The former Managing Director of Intercity STC Coaches Limited, Nana Akomea, has shed light on the factors behind the company’s rapid growth in recent years and its current decline.
Speaking to Mark Smith on A1 Radio’s Day Break Upper East Show, Mr. Akomea explained that between 2017 and 2019, the transformation STC experienced under his leadership was largely due to a stable economic environment and a thriving network of international bus routes connecting Ghana to neighboring French-speaking countries.
According to him, in the pre-COVID era, bus routes from Ghana to countries like Ivory Coast, Togo, Benin, and Burkina Faso accounted for about a third of the organization’s profits—profits significant enough to cover the salaries of over 700 staff members.
“The terminal in Abidjan alone was able to pay the salaries of all 700 workers. Their currency, the CFA, is strong. You collect fares in CFA, and that’s a more stable currency,” he noted.
In addition to strong cross-border operations, Mr. Akomea said favorable economic conditions in Ghana at the time meant the company was able to generate reasonable profits and savings. Operational costs such as fuel and spare parts were manageable. He emphasized that fuel accounted for just 28 percent of the company’s total operating costs during this period.
Flush with cash, the company was able to undertake repairs, procure new buses, and clear pension arrears that had accumulated over several years.
However, things began to deteriorate during the COVID-19 pandemic. Mr. Akomea said the closure of international borders meant STC immediately lost a third of its business, particularly its routes to neighboring French countries.
“The borders were closed for two years. So with COVID, for two years, one-third of the business was gone. We had to observe social distancing. That meant a 44-seater bus could only take 22 passengers. That went on for like eight months. We lost a lot of money.”
But beyond the pandemic, he cited the unstable macroeconomic environment as a more critical issue.
“Working at STC taught me how important it is for government to maintain a stable macro environment. It is the most basic factor in business success. Anytime the cedi lost value, our costs went up the very next day,” he recalled.
The continuous rise in the cost of fuel and spare parts worsened the company’s woes.
“Literally every week, especially from mid-2021, fuel prices went up. In 2022, it was so bad. It destroyed the business,” he said.

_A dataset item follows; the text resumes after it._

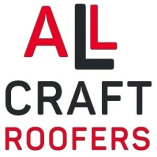 All Craft Roofing, Chimney and Gutters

Fuel costs rose from 28 percent pre-COVID to over 60 percent post-COVID, leaving very little for maintenance, salaries, or investment in new assets. “At one point, fuel accounted for 62 percent of our costs,” he stated.
To make matters worse, around GH¢3 million that had been saved during the good years was lost during the banking sector crisis. The inability to replace aging buses has also affected operations. Buses that were supposed to be changed after four years or after hitting 300,000 to 400,000 kilometers are still in use—some with over one million kilometers on the odometer.
“Even the newest buses are like five or six years old,” he revealed.
To help STC recover, Mr. Akomea urged the incoming government to ensure macroeconomic stability, which he believes is the foundation for business sustainability in Ghana.